Cinque domande sul redditometro
Bisogna conservare gli scontrini? Cosa fa scattare il redditometro? E altri dubbi a cui oggi risponde La Stampa
Oggi La Stampa ha scritto un’agile guida con le domande più diffuse sul nuovo redditometro: bisogna conservare gli scontrini? Cosa fa scattare il redditometro? Il redditest è veramente anonimo? Quali sono le differenze tra nord e sud? Come si fa a dimostrare di avere ragione in caso di accertamento?
È necessario conservare tutti gli scontrini?
È la domanda più gettonata. Ma sposta la questione su un piano poco corretto. «Non ha molto senso chiedersi dove siano finiti gli scontrini del 2009» spiega dal suo studio a Udine Claudio Siciliotti, ex presidente del Consiglio nazionale dei commercialisti «piuttosto considererei le maggiori entrate, è un consiglio più ragionevole degli scontrini. Meglio documentare quel che entra, che quel che si spende». C’è poi un ulteriore aspetto: il contribuente che non è un professionista o un imprenditore, magari non conserva tutti gli anni i pezzi di carta che dimostrino le sue entrate. «È un problema serio per il cliente medio dimostrare la sua capacità di spesa reale» Nicola Cavalluzzo, commercialista a Milano «lo sfasamento temporale non aiuta. Per il fisco è facile perché è tutto memorizzato nelle banche dati».Cosa fa scattare il redditometro?

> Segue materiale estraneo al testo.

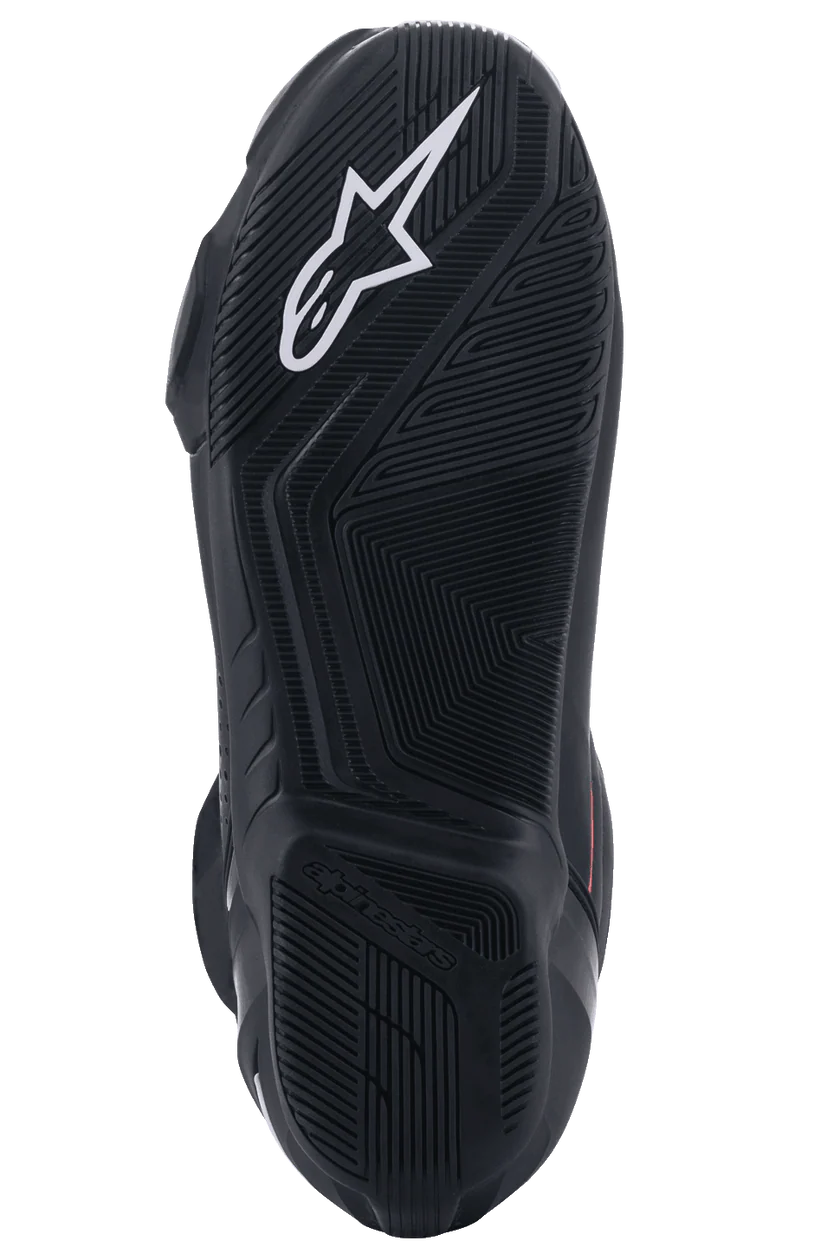 Alpinestars SP-2 Shoes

«Sono le spese non routinarie, il famoso viaggio che ci si concede con tutta la famiglia magari spendendo 10 mila euro ma ogni 4 anni – chiarisce Cavalluzzo – e che poi non è detto che si sia in grado di dimostrarlo, perché non è che tutti gli anni teniamo a mente le spese eccezionali. Quello che vedo dai clienti dello studio è il terrore delle persone: prima ancora di sostenere la spesa si preoccupano di dimostrare la capacità. Questo porterà una frenata dei consumi ed è una cosa assurda». Prosegue Zizza: «Si preoccupa di più il contribuente onesto, quello che dichiara tutto e viene a fare dei conteggi prima di comprare una macchina o un bene durevole. Gli elusori incalliti continuano a sfuggire. È il caso un avvocato di cui mi ha raccontato un collega che dichiarava 15 mila euro l’anno e con il vecchio redditometro è stato beccato, sfiorando il penale, con 250 mila euro sul conto e assegni per parcelle fino a 80 mila euro. Si preoccupava di vendere e spogliarsi di tutto. Ben venga il redditometro in casi come questo».